(Task to carry out):
Only the pictures stay out; every record is to be quoted exactly.

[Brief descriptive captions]

+--

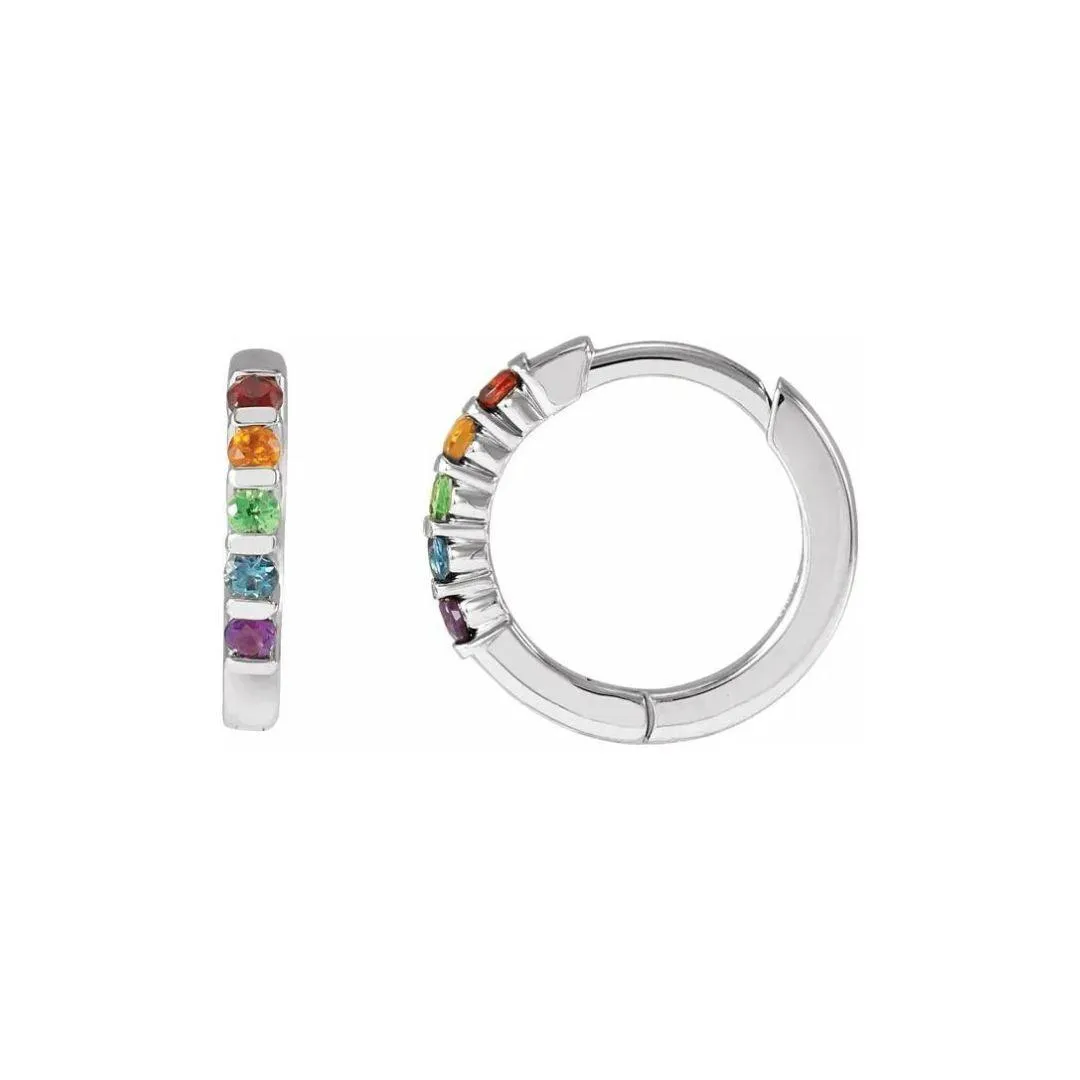 Multi-Gemstone Rainbow Huggies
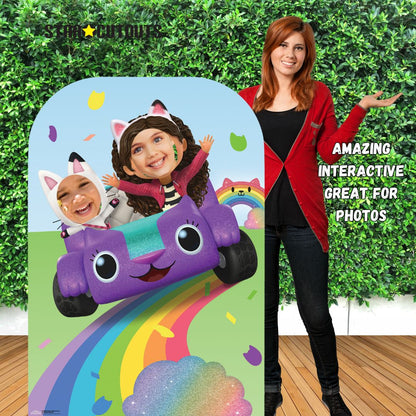 SC4566 Gabbys Dollhouse Carlita, Pandy Paws Driving on Rainbow Stand-In Cardboard Cut Out Height 131cm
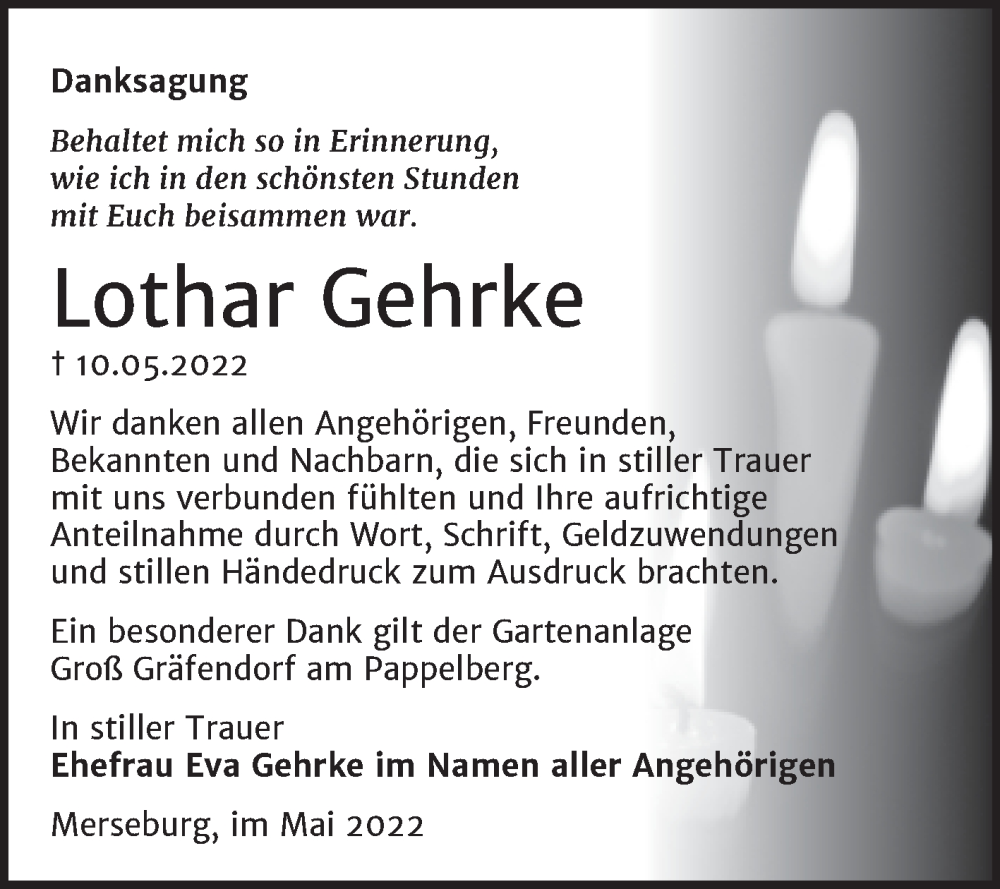  Traueranzeige für Lothar Gehrke vom 04.06.2022 aus Trauerkombi Merseburg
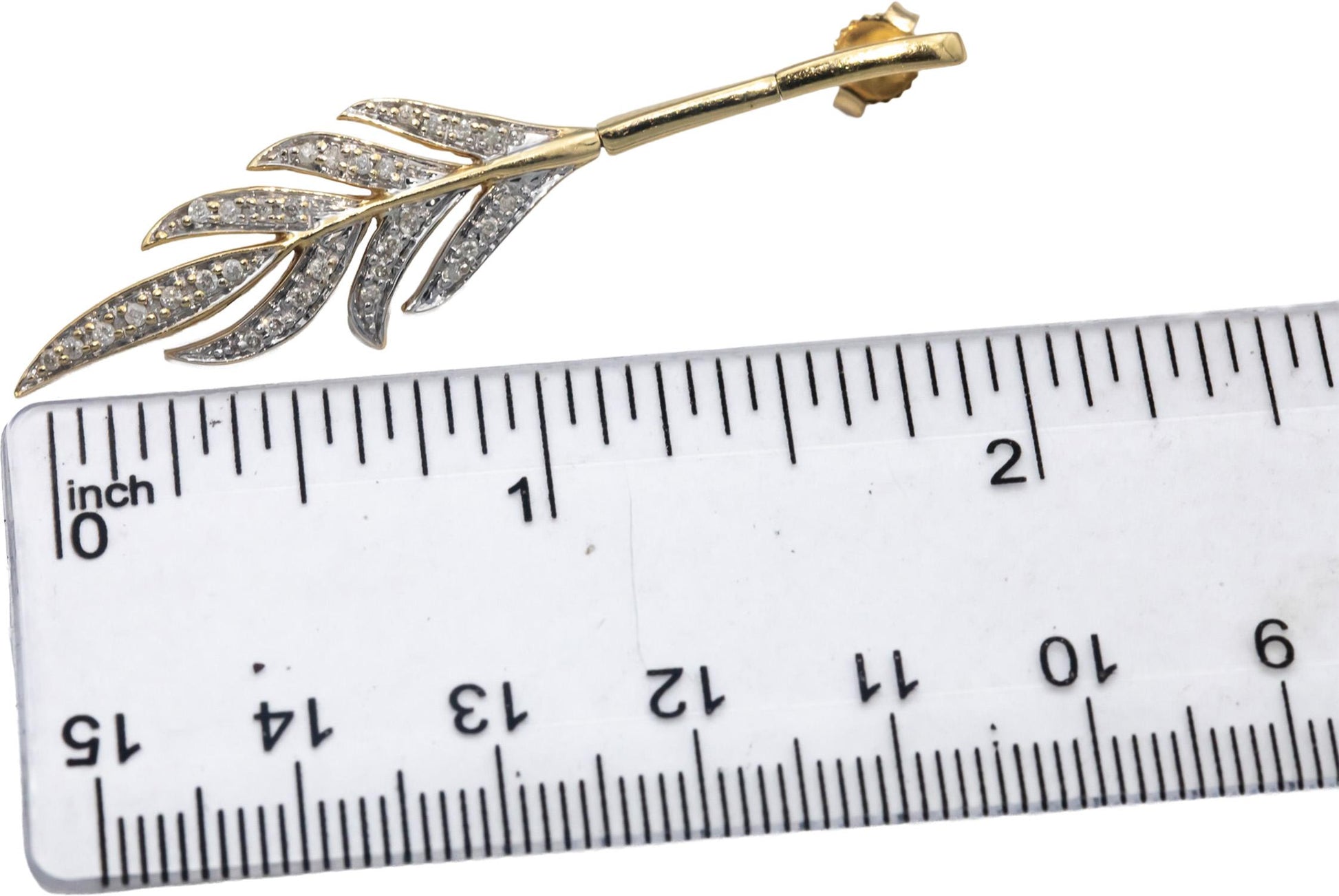 14k Yellow Gold Round Diamond Feather Dangle Earrings 0.31CT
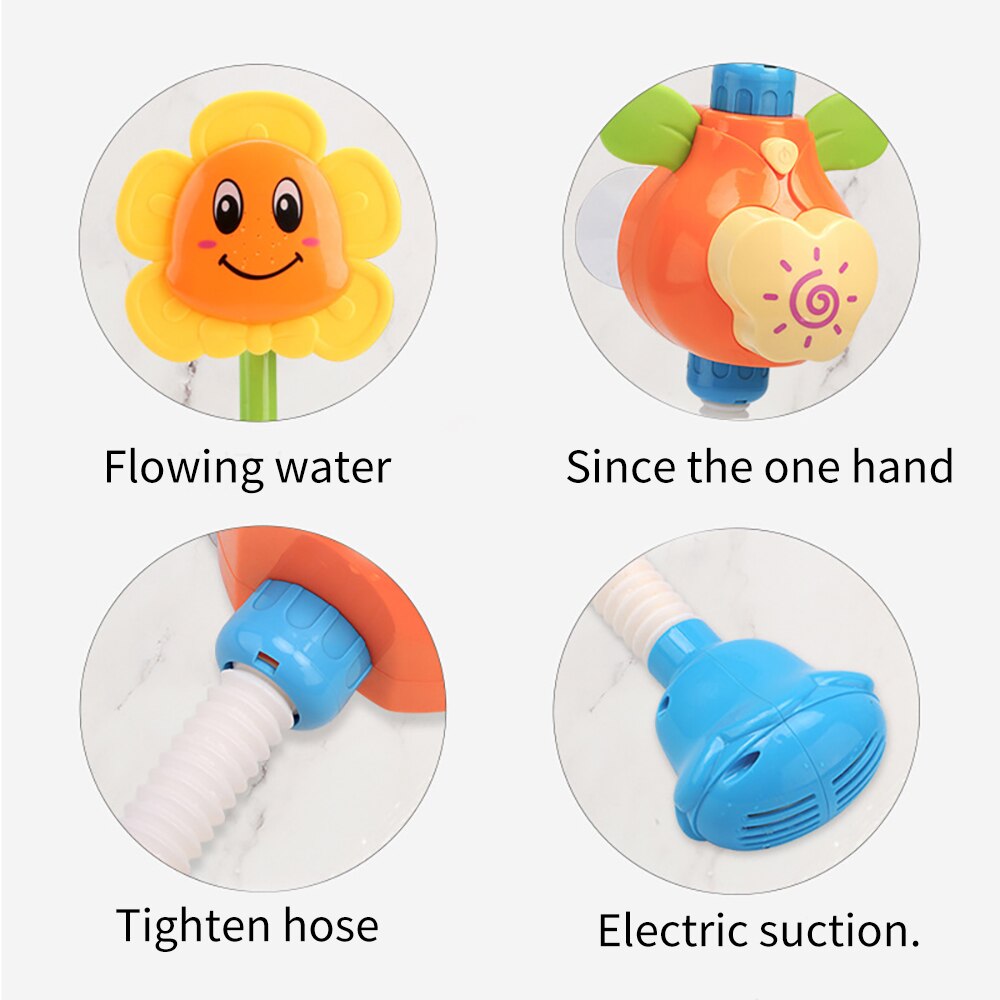 Baby Bath Game Toy Infant Funny Water Games Baby Shower Toy Sunflower Shower Cartoon Sun Flower Spray Bathroom Summer Water Toy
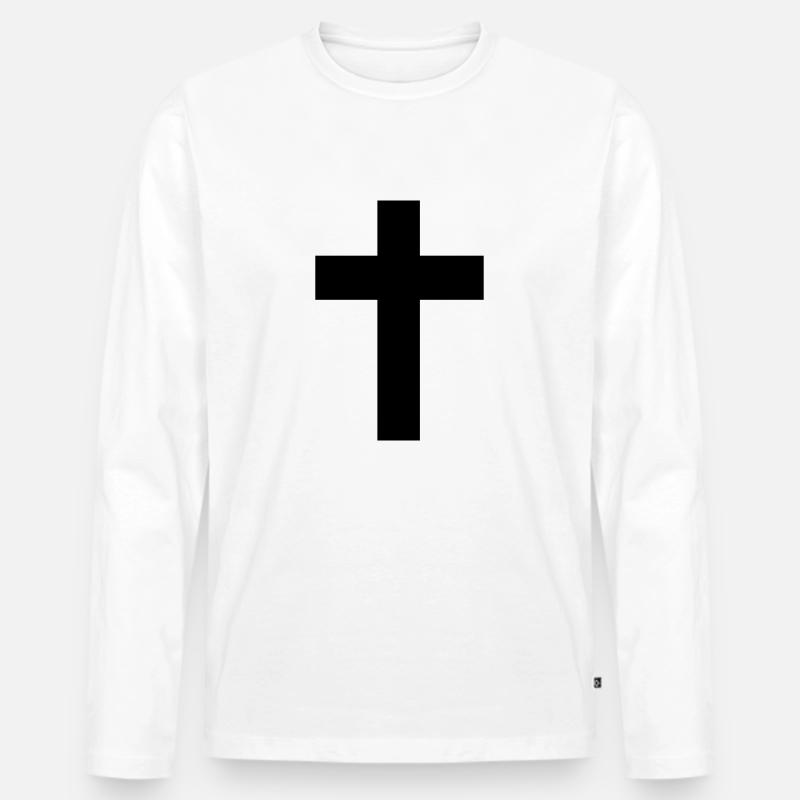 Kreuz - Männer Premium Bio Langarmshirt - Weiß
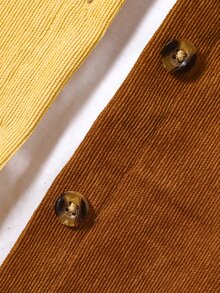 Toddler Boys Colour Block Flap Pocket Shirt Without Tee - Multicolor - View 4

+--

(Reply to the task):
 Multi-Gemstone Rainbow Huggies
 SC4566 Gabbys Dollhouse Carlita, Pandy Paws Driving on Rainbow Stand-In Cardboard Cut Out Height 131cm
  Traueranzeige für Lothar Gehrke vom 04.06.2022 aus Trauerkombi Merseburg
 14k Yellow Gold Round Diamond Feather Dangle Earrings 0.31CT
 Baby Bath Game Toy Infant Funny Water Games Baby Shower Toy Sunflower Shower Cartoon Sun Flower Spray Bathroom Summer Water Toy
 Kreuz - Männer Premium Bio Langarmshirt - Weiß
 Toddler Boys Colour Block Flap Pocket Shirt Without Tee - Multicolor - View 4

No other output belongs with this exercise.